Selecting a key from a clattering ring, Pena unlocked the mesh fence and led us into a dim concrete area half filled with stacks of labeled boxes. Bulbs. Hoses. Filters. Pipes. Fittings.

A slab-metal door led to a larger storage space throbbing with pneumatic and electric noise. Both side walls hosted equipment: a bank of water heaters, another of A.C. condensers. Electrical panels, a spaghetti snarl of phone hookups, overhead conduits, pipes, insulated ducts.

Past all that, a wooden door with a cheap lock opened to a windowless afterthought. Michael Lotz’s domicile was ripe with body odor and the vinegary reek of heroin, the walls barely plastered drywall. Generous for a jail cell; as a dwelling, sad.

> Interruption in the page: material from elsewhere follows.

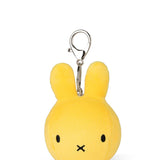 Miffy Squish Ball Keychain Yellow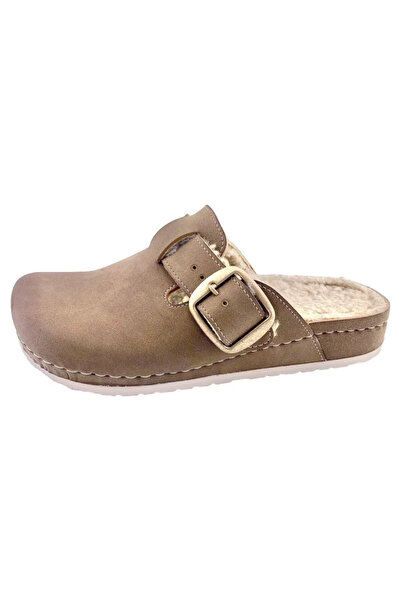 VESNA Women's slippers 322 brown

A doorway to the left led to a prefab fiberglass bathroom. Toilet, sink, prefab shower, all in need of cleaning. I thought about Red Dress’s final moments.

In the main room, a single-sized mattress sat on a sagging box spring, next to a fake-wood dresser and chair and a black plastic lamp. Black sheet, purple-and-black quilted covers pushed toward the foot of the bed, much of the cloth dripping onto a vinyl floor. Two pillows bent into kidney-bean shapes, one black, one yellow, leaned against the wall.

Curling, Scotch-taped posters abounded: naked women, women in bikinis, high-octane race cars and homologated street versions. Grown man living in the fantasy world of a teenage boy.

On the dresser, a hotplate, a six-pack of Bud Lite, an almost empty bottle of Jose Cuervo, a dozen candy bars, plastic dishes and pot-metal utensils for one. Nearby, tucked in a corner near the entrance to the bathroom, a brown mini-fridge burped and wheezed.

The room was pleasantly cool, the beneficiary of being belowground plus an industrial-strength ventilation system. Trade-off for the wasp-drone coursing through the walls, bottoming the refrigerator’s percussion.